The Right Practice for Right Now (It’s not what I thought it would be)

By Kiki Lovelace

After I gave birth to my first child, I did all the “right” things. I rested. I asked my friends and family for their help in making meals and sweeping the kitchen. I let go of my need to control my business— and rested into the support of my managers and employees and teachers. And I modified my yoga and Pilates practice to care for my weak and tired postpartum body. 

But the truth is, internally, I gave myself such a hard time about it. Every day, I felt like I should have been doing more for my business. I asked myself, “Why can’t you keep your house together? What is wrong with you?.” I felt like there was something I should have been doing that would help me feel my low abs, which were numb for the better part of a year postpartum. Or that I should have been stronger than I was — why couldn’t I hold a handstand in the middle of the room like so many of my yoga teacher colleagues?

In retrospect it seems rather absurd that I would give myself a hard time about taking a nap with my infant. Seriously, what else does one do after a 4-hour night’s sleep? But at the time, my “not-enough” stories were up — way up -- and there was no stifling them, despite my husband's and mom's and midwife’s best efforts.

This time around, I was determined not to let my old stories grab ahold of me. I knew that my spiritual practice would change the instant I gave birth, at least for a time. I knew that my spiritual practice WAS the birth, and everything that came after it. 

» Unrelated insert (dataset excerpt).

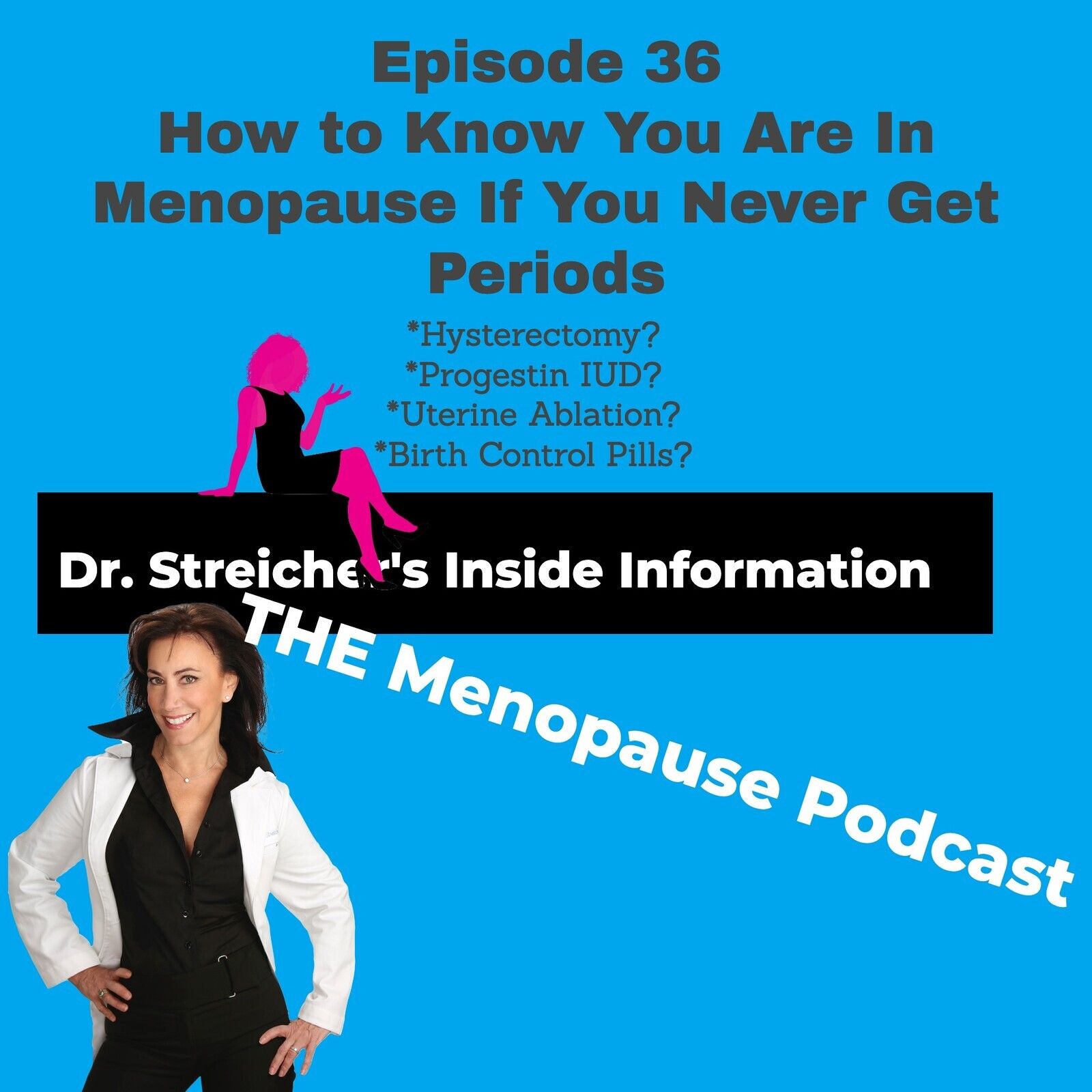 Dr. Streicher’s Inside Information: Menopause, Midlife, and More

So I breathe and say a quick prayer in the morning, and consider that an excellent meditation practice. I choose to be amazed by ALL the things I’m doing to run Innerstellar and support my family, in spite of the fact that I’m taking care of two young children most hours of the day (and night). I clean my kitchen when I can, and I leave it alone when the girls need me. To hell with those dishes! 

But to me, the breakthrough I’m most proud of is my postpartum Pilates and yoga practice. Just like last time, it’s very rare when I can do a “full practice.” Most days, my practice is five poses, lasting anywhere from five to twenty minutes. But damn, do I luxuriate in those five poses. I pick moves that feel good for my tight chest and neck, and my stiff legs and feet. Sometimes, I’m too tired to stand up, so I I do lots of seated poses - LOTS. And I spend loads of time just lying on the floor and breathing (thank you to my brilliant postpartum Pilates Instructor, Rebecca Vasile, for giving me new breathing exercises to fascinate on and wake up my pelvic floor and lower and upper abs — they are my godsend right now!). I think of myself as a Mama Lion, basking in the sun, breathing with my soft belly and chest, and welcoming my little ones into my big arms when they come in for a cuddle. Yes, usually my practice dissolves into a cuddle puddle which includes my dog and my two daughters. The cuddle is my Savasana.

Every so often, I still feel those voices inside creep up to tell me I should have lost more weight by now, or I should be spending more time on this project or that at work, or I should get up and do a Standing Pose Series. But when that happens, I soften inside. I say to myself “Shhh, shhh, shhh, love, we’re not doing that right now.” And I remind myself that it really is a noble thing, and a worthwhile thing, to honor the right practice for me for right now. My dishes and my handstands can wait.